● **WORK ORDER**
Repeat only what runs from the line with "Cartões de Nome" through the last line of the data below, both included, keeping every word as it is and leaving out the pictures.

● **THE DATA**
━━━━━━━━━━━━━━━━
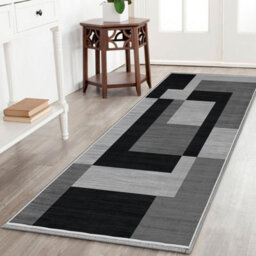 Aspire Homeware Luxury Large Rug, Non-Slip Plush Living Room Hallways Area Carpet, Cosy Floor Rug Milo Black Grey (L)150 X (W)80Cm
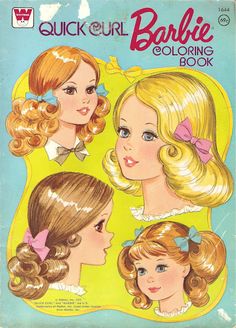 an old children's book with three girls in their hair and the title, quick curl barbie coloring book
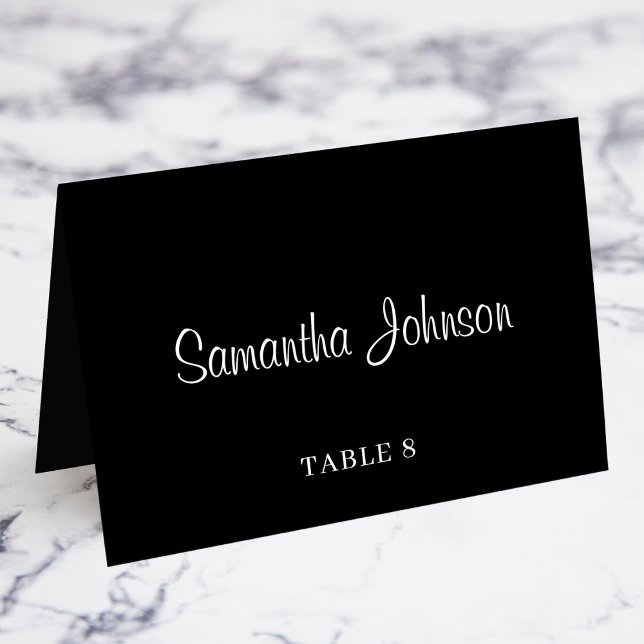 Cartões de Nome do Convidado Nº da Mesa Preto e Br (Black and White Guest Name Table No. Place Cards)
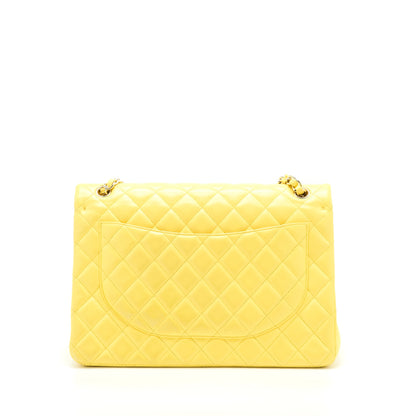 Chanel Maxi Classic Double Flap Bag Lambskin Yellow L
━━━━━━━━━━━━━━━━
● **WORKED SOLUTION**
 Cartões de Nome do Convidado Nº da Mesa Preto e Br (Black and White Guest Name Table No. Place Cards)
 Chanel Maxi Classic Double Flap Bag Lambskin Yellow L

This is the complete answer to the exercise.